### DESCRIPTION OF THE TASK
In the records below, repeat exactly the lines between the line holding "422 East Avenue, Pawtucket, RI 02860" and the line holding "в Benajarafe 8", inclusive, and drop the pictures.

### AVAILABLE DATA
%%
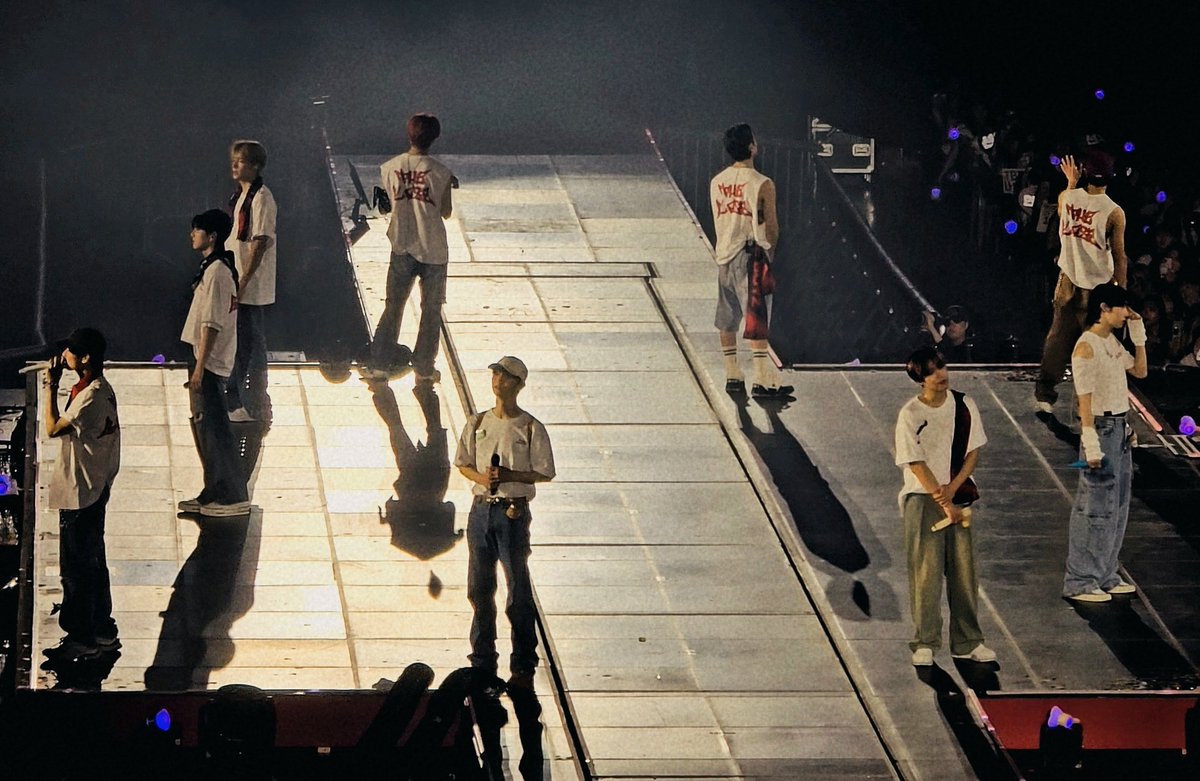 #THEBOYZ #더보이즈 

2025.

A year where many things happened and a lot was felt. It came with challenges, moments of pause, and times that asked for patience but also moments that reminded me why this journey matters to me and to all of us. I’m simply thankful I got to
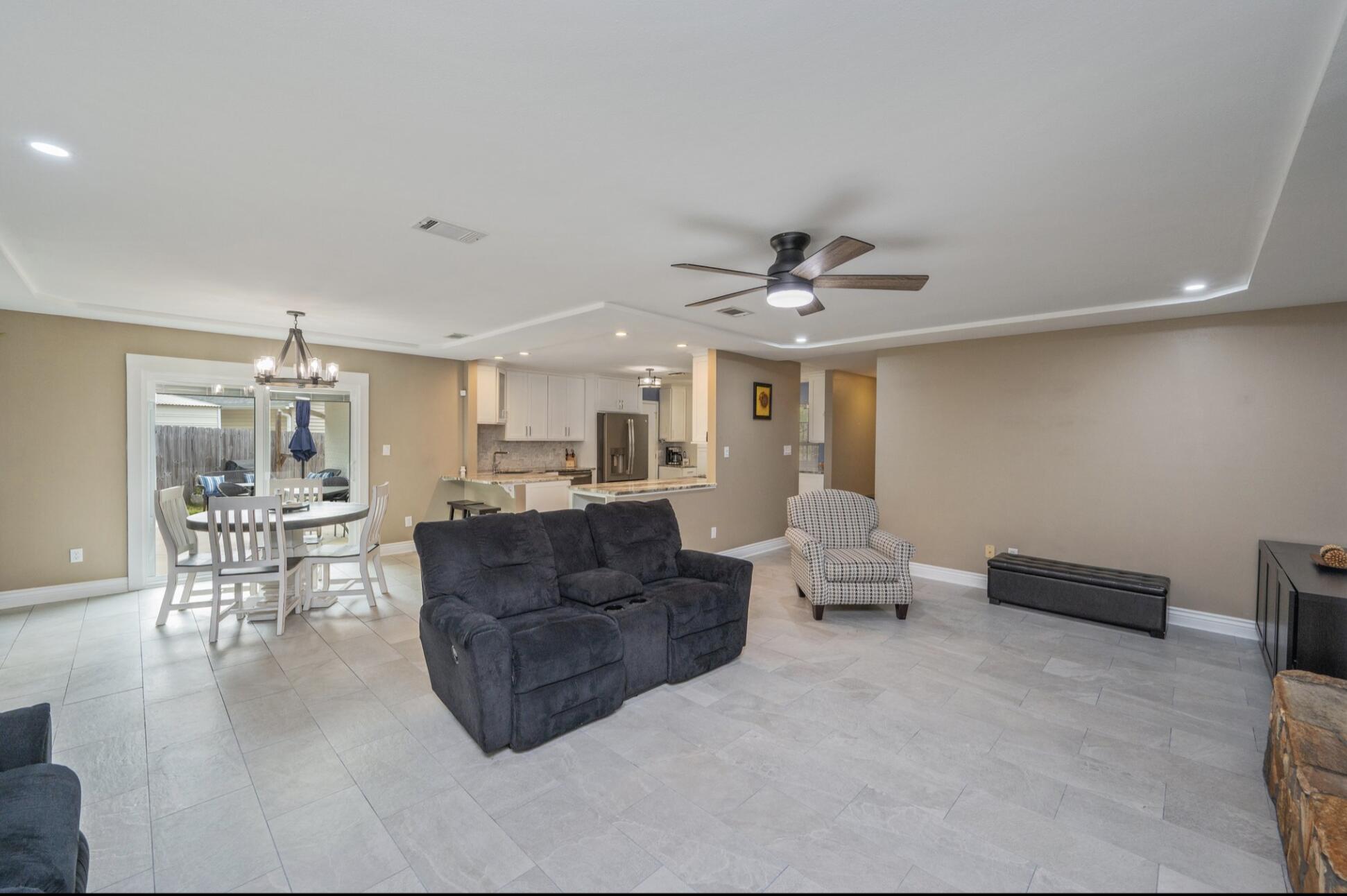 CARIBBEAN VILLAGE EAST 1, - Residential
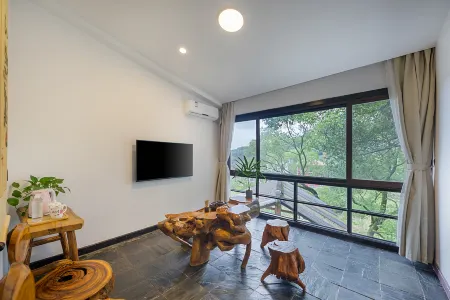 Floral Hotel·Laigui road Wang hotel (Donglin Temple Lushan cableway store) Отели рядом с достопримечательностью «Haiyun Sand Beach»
%%
%%
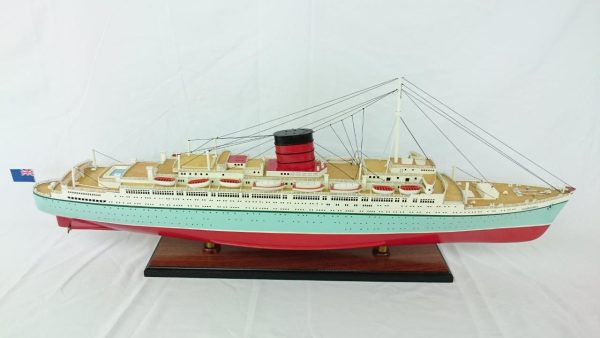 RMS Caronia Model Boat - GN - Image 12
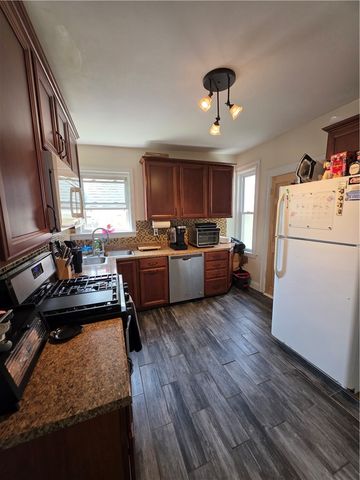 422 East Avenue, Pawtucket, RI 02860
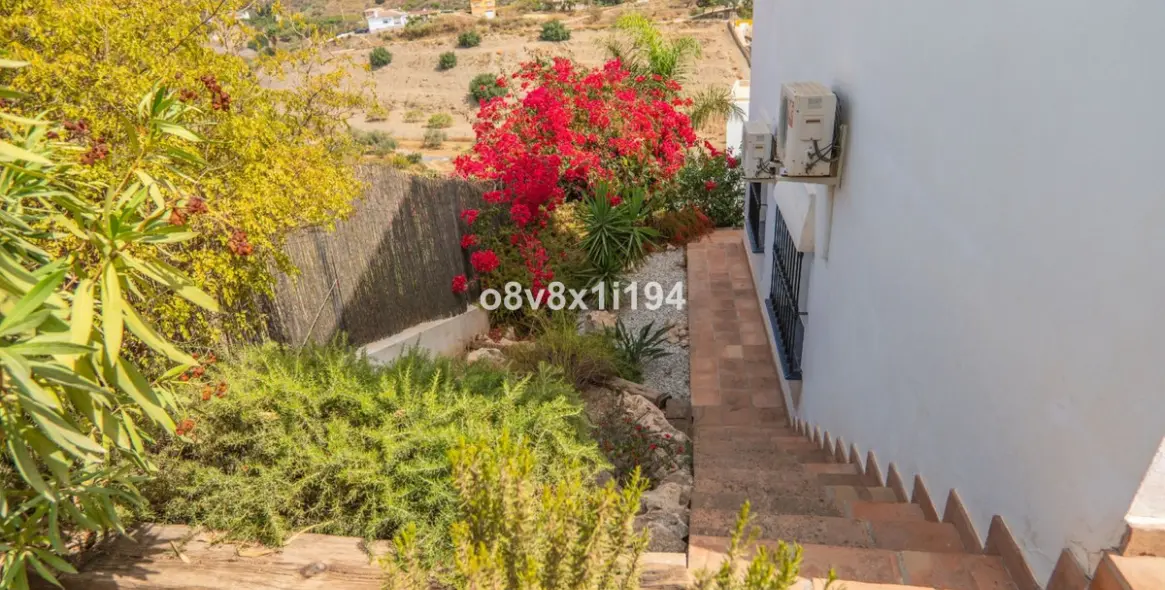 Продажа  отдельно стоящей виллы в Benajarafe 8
%%
### RESPONSE FOR THIS EXERCISE
 422 East Avenue, Pawtucket, RI 02860
 Продажа  отдельно стоящей виллы в Benajarafe 8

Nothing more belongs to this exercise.